***** MATERIAL SHOWN *****

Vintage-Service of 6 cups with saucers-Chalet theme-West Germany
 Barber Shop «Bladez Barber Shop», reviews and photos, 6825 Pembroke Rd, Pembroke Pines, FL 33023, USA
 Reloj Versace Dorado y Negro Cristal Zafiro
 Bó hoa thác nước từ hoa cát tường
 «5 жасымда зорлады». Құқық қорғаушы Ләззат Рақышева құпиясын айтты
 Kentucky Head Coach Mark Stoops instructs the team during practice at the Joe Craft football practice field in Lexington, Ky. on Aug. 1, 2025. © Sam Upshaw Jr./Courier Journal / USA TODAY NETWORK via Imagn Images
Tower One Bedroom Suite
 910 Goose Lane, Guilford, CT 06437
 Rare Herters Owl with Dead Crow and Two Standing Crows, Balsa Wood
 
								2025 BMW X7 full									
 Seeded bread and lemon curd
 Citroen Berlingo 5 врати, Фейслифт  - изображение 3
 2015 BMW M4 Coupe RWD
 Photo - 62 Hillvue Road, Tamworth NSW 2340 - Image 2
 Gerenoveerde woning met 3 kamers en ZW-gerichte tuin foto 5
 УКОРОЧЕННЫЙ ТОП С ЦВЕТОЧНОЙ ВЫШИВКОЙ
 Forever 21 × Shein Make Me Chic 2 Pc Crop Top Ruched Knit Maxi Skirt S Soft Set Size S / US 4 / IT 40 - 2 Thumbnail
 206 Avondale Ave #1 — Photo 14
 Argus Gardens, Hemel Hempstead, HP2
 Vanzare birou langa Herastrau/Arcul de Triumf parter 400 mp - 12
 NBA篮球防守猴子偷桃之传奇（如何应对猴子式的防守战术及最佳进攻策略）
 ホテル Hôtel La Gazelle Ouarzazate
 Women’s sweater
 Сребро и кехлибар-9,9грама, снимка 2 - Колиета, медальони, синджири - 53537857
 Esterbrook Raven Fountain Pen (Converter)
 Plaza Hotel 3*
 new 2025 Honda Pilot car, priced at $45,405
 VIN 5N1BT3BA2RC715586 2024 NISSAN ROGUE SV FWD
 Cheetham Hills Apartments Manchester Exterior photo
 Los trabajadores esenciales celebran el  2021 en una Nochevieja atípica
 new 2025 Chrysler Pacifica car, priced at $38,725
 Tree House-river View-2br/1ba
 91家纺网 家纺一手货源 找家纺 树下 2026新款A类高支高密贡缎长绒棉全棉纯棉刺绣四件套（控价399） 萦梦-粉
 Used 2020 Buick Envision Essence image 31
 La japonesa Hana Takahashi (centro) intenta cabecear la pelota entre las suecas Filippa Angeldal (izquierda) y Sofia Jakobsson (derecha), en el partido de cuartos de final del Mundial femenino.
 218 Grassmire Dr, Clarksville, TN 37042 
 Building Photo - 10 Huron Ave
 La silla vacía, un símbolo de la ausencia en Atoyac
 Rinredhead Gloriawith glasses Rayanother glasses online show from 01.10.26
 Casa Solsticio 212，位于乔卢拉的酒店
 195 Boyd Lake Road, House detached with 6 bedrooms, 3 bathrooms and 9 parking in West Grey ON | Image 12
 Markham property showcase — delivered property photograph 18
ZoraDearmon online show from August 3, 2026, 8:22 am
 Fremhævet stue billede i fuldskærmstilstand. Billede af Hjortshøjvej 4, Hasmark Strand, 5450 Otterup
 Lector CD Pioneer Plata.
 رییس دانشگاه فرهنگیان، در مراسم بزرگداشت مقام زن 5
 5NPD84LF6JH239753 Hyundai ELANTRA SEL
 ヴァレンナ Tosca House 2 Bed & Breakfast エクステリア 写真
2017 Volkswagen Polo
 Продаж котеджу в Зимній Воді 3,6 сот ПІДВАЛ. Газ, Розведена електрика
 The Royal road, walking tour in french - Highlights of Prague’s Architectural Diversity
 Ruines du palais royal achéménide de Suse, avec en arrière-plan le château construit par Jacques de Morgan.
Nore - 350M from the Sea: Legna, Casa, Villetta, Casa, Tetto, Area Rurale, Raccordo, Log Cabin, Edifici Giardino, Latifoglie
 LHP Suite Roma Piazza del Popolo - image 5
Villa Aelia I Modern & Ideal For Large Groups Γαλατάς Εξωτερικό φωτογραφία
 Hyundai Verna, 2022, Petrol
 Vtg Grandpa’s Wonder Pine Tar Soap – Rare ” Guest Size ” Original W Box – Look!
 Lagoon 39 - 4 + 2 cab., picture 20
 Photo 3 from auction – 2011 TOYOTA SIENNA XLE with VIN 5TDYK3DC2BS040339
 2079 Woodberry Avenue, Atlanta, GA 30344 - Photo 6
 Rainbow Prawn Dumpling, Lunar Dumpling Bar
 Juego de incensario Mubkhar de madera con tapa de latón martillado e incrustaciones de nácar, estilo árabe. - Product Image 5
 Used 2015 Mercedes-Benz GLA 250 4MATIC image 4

*****

▶ **YOUR ASSIGNMENT**
For the material above, reproduce exactly the lines from the line with "206 Avondale Ave #1 — Photo 14" to the line with "91家纺网 家纺一手货源 找家纺", inclusive, and exclude all others.

▶ **RESPONSE BOX**
 206 Avondale Ave #1 — Photo 14
 Argus Gardens, Hemel Hempstead, HP2
 Vanzare birou langa Herastrau/Arcul de Triumf parter 400 mp - 12
 NBA篮球防守猴子偷桃之传奇（如何应对猴子式的防守战术及最佳进攻策略）
 ホテル Hôtel La Gazelle Ouarzazate
 Women’s sweater
 Сребро и кехлибар-9,9грама, снимка 2 - Колиета, медальони, синджири - 53537857
 Esterbrook Raven Fountain Pen (Converter)
 Plaza Hotel 3*
 new 2025 Honda Pilot car, priced at $45,405
 VIN 5N1BT3BA2RC715586 2024 NISSAN ROGUE SV FWD
 Cheetham Hills Apartments Manchester Exterior photo
 Los trabajadores esenciales celebran el  2021 en una Nochevieja atípica
 new 2025 Chrysler Pacifica car, priced at $38,725
 Tree House-river View-2br/1ba
 91家纺网 家纺一手货源 找家纺 树下 2026新款A类高支高密贡缎长绒棉全棉纯棉刺绣四件套（控价399） 萦梦-粉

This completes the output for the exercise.